**EXERCISE BRIEF**:
Omitting all images, set down every line below exactly as it appears.

**DATA**:
┄┄┄┄┄┄

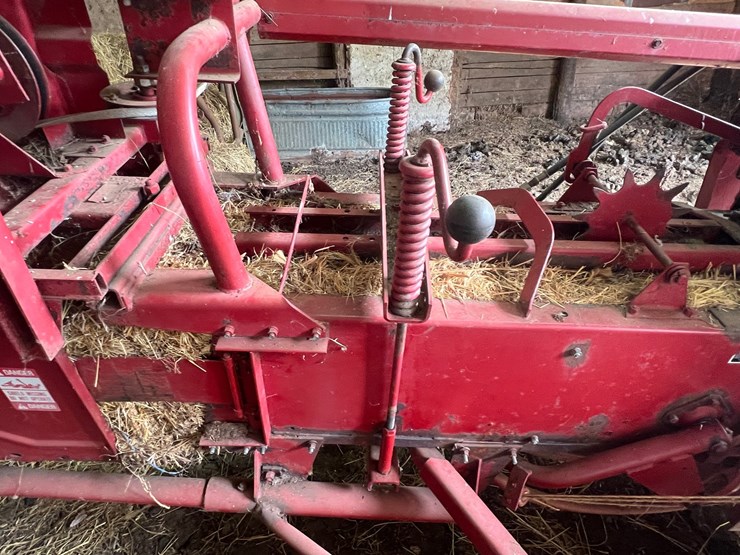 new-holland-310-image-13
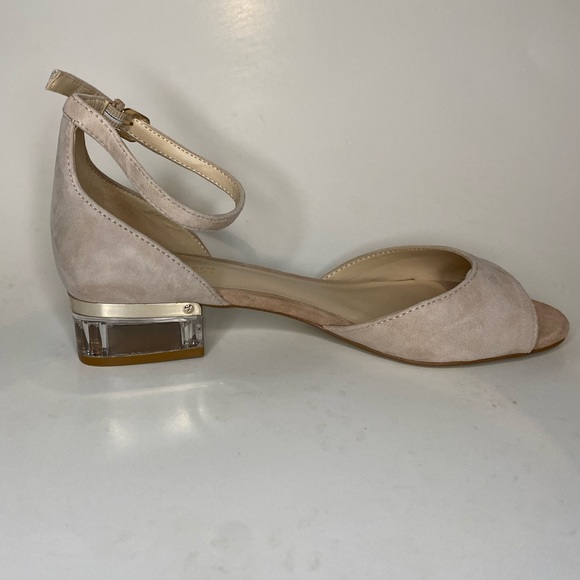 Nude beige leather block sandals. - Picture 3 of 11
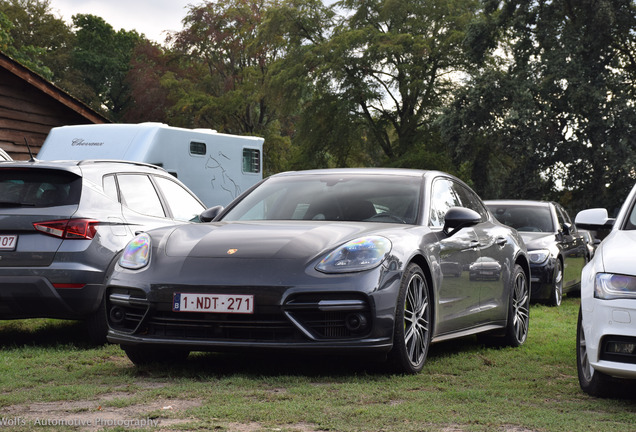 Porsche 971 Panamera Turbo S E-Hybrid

┄┄┄┄┄┄

**YOUR SOLUTION**:
 new-holland-310-image-13
 Nude beige leather block sandals. - Picture 3 of 11
 Porsche 971 Panamera Turbo S E-Hybrid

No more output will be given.